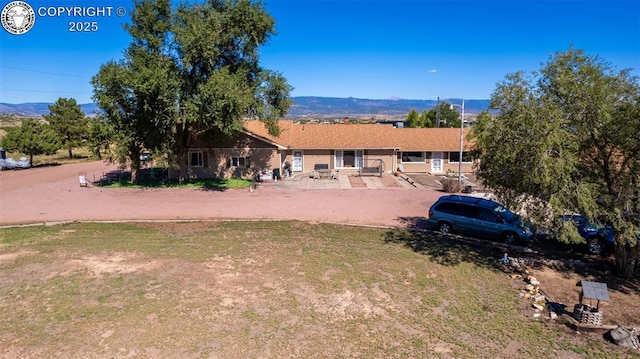 exterior space with a yard, a mountain view, and a patio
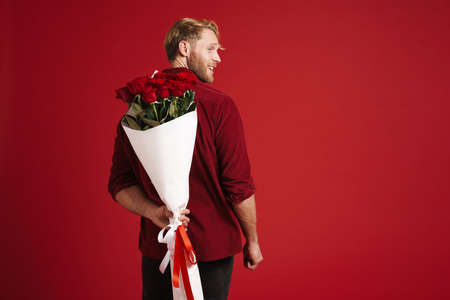 Blonde man smiling while posing with bouquet of roses isolated over red backgroundの写真素材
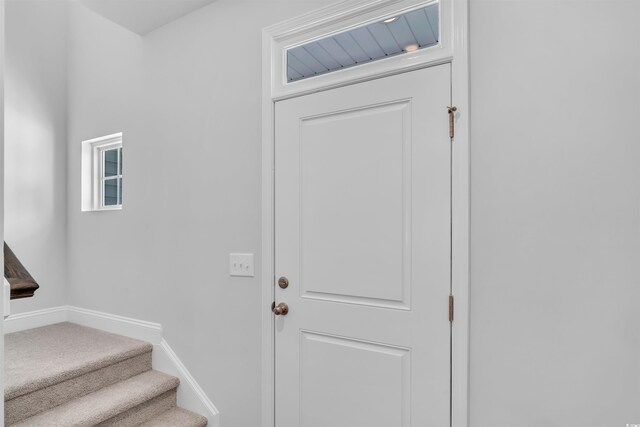 233 Sandridgebury Dr Unit 57, Little River, SC 29566 - doorway to outside featuring baseboards and stairs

○ ○ ○

Find the line containing "Blonde man smiling" in the listing above. Restate it and every line after it, word for word, through the final line, leaving out the pictures.

> _SOLUTION BELOW_:
 Blonde man smiling while posing with bouquet of roses isolated over red backgroundの写真素材
 233 Sandridgebury Dr Unit 57, Little River, SC 29566 - doorway to outside featuring baseboards and stairs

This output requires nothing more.